20/02/2008

Bad Monkeys / Matt Ruff


Décidément, Matt Ruff est à la littérature ce qu’Houdini était à la magie : un sacré prestidigitateur. Après la Proie des âmes où, en plein milieu, j’avais eu la sensation de m’être fait avoir comme un bleu, il récidive avec Bad Monkeys. Si ce n’est que le second n’est tout de même pas à la hauteur du premier, pour des raisons que je vais tenter d’éclairicir.
Quelques auteurs excellent dans cet art difficile de mener le lecteur en bateau. Pour ceux que j’ai eu l’occasion de maudire et de savourer il y a entre autres Denis lehane avec Shutter Island et Cormac McCarthy avec Non, ce pays n’est pas pour le vieil homme.

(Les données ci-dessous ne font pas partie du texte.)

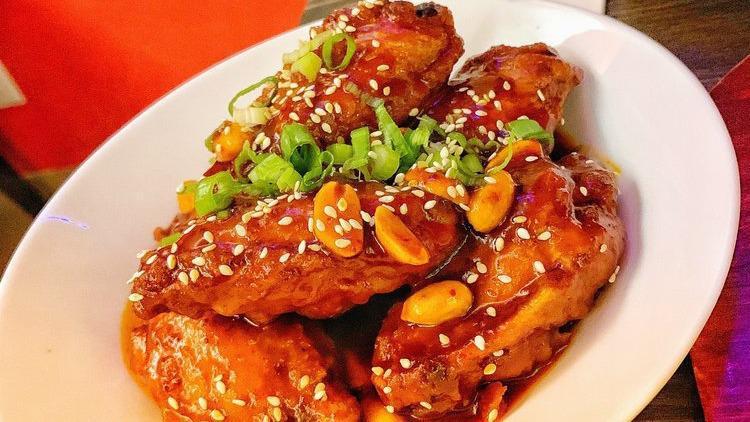 3. Korean Fried Chicken Wings with Sweet & Sour Spicy Sauce. · Battered and deep fried chicken wings tossed in sweet and spicy Korean sauce. Contains peanuts. 5 pieces.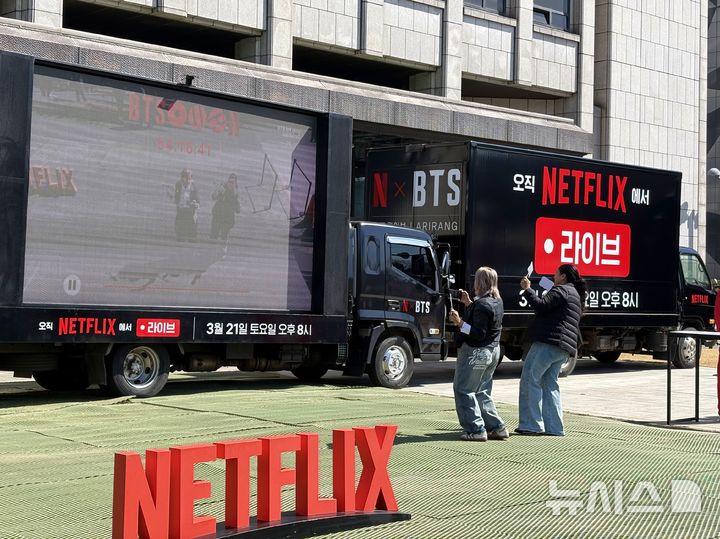 [서울=뉴시스] 한이재 기자 = 지난달 오후 방탄소년단 복귀 공연 안내 차량 앞에서 외국인들이 춤을 추고 있다. 넷플릭스가 1분기 시장 예상을 웃도는 실적을 발표했으나, 창업주 퇴임 소식에 시간외 거래에서 주가는 9%대 하락했다. 2026.04.17. nowone@newsis.com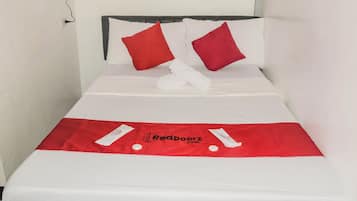 A neatly made bed with white linens and two red pillows, a white towel, and a red bedspread with a logo.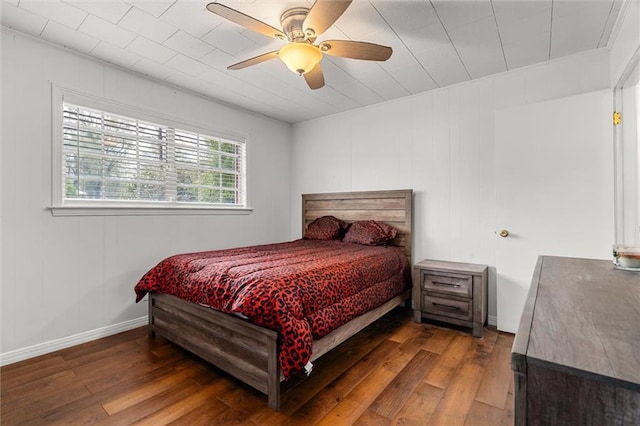 bedroom with ceiling fan, dark wood-type flooring, and baseboards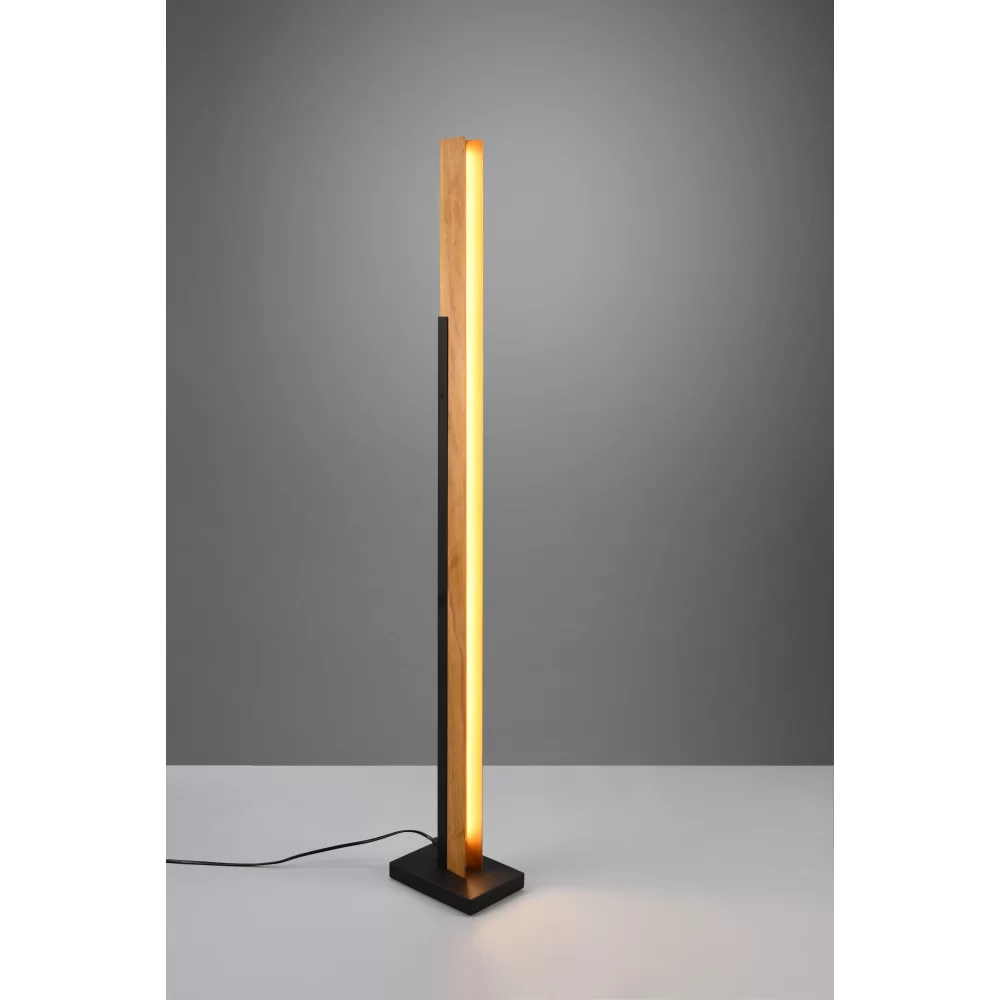 Kerala LED lampa podłogowa 1-punktowa z drewnianym słupkiem w kolorze jasnego drewna i czarną podstawą. Lampa emituje ciepłe światło, stojąca w pozycji pionowej na jednolitym tle. Kabel zasilający widoczny obok podstawy.
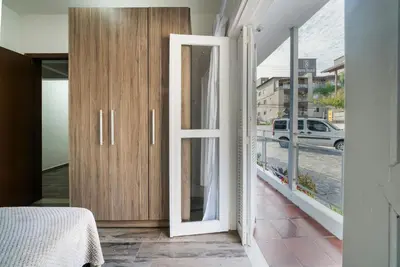 Uma cama ou camas num quarto em Apartamento 3 dormitórios - 50 metros da Praia de Bombinhas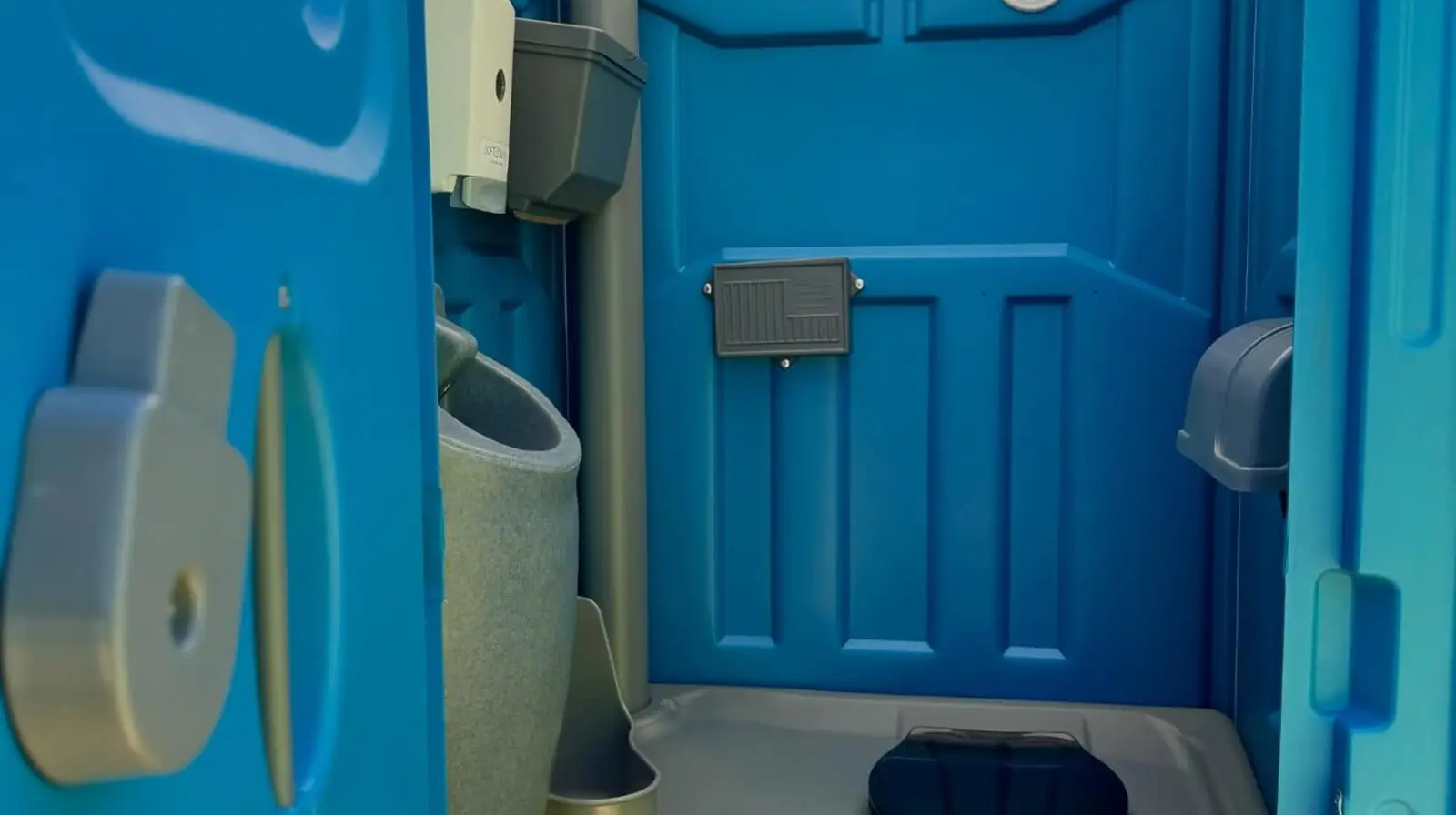 Inside a standard portable toilet: seat, toilet paper and sanitizer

Ils opèrent l’un et l’autre dans des registres différents mais l’impression générale est la même. Ils s’émancipent des codes du roman noir, du roman tout court en fait, et suscitent la surprise, aussi bien dans la narration, la forme, ou même les deux. Forcément, ça agace un peu de s’être fait avoir, de perdre pied. Mais c’est tellement bien au bout du compte, surtout quand la qualité de l’écriture est de la partie.
Mais déjà, je parle trop. Le problème avec ce genre de bouquins quand on entreprend de raconter l’histoire, c’est que l’on peut seulement l’aborder sans trop rentrer dans les détails, ce qu’on meurt d’envie de faire. Alors, à mon grand regret je m’en tiendrai au strict minimum.
Jane Charlotte est arrêtée pour meurtre. Elle affirme faire partie d’une organisation secrète dont la mission est d’éliminer les êtres malfaisants, baptisés les " Bad Monkeys ". Interrogée par un médecin de l’aile psychiatrique de la prison où elle se trouve, elle relate les faits qui l’ont conduite jusque là.
L’histoire de Jane est proprement hallucinante. Pourtant, au début, on ne doute jamais de sa santé mentale. Nous sommes dans un roman dont la particularité, on le voit d’emblée, est de traiter de choses étranges. Le monde qu’elle dépeint nous est contemporain, les repères ne manquent pas. Puis on vient à douter tant les situations sont de plus en plus abracadabrantes, rocambolesques et surréalistes. Le psychiatre lui-même prend Jane en défaut à plusieurs reprises sur la cohérence de son récit ainsi que sur certains points précis qu’elle relate.
La gradation dans le n’importe quoi est évidente mais elle ne suscite jamais aucune confusion, seulement le doute. On ne nage pas dans un délire onirique sans queue ni tête. C’est fou, mais le lecteur est comme le psychiatre. Il engrange les données, attend la fin de l’histoire de Jane avant de porter un jugement. Elle raconte, il pose les questions.
Le seul problème dans la narration, et c’est en cela que certains pourront être déçus, c’est la longueur et l’accumulation de scènes d’action qui jalonnent la fin du livre, comme si on était face à un film captivant qui part tout à coup en eau de boudin alors qu’il aurait gagné à emprunter une autre voie.
Heureusement les dix dernières pages sont là et…je me tais.
Références volontaires ou pas, on ne peut s’empêcher de penser à des univers déjà rencontrés au gré des lectures, ou dans des films : Philip K.Dick, la série des Thursday Next de Jasper Fforde, à Matrix, Chapeau melon et bottes de cuir
Matt Ruff semble s’être bien amusé à écrire ce livre, pas aussi prenant que la Proie des âmes. Il s'agit plus d'une parenthèse dans laquelle il se permet quelques petites perles : j’ai passé dix jours dans le coma. Je me suis réveillée dans une salle d’hôpital plongée dans l’obscurité avec une télévision allumée pas très loin. Tom Cruise parlait d’un prêtre qui était mort en donnant les derniers sacrements à un pompier Ground Zero. Puis Mariah Carey s’est mise à chanter que nous avons tous un héros caché en nous, et je me suis dit qu’en fait, j’étais peut-être morte et que je me trouvais en enfer. Mais l’émission s’est poursuivie, de plus en plus de vedettes se présentaient pour chanter et raconter des histoires, puis il y a eu des appels aux dons, et j’ai fini par comprendre que je n’étais pas en enfer, mais simplement en Amérique.
Sans tomber dans un anti-américanisme primitif, moi, ça me fait rire. J'attends son prochain livre avec impatience.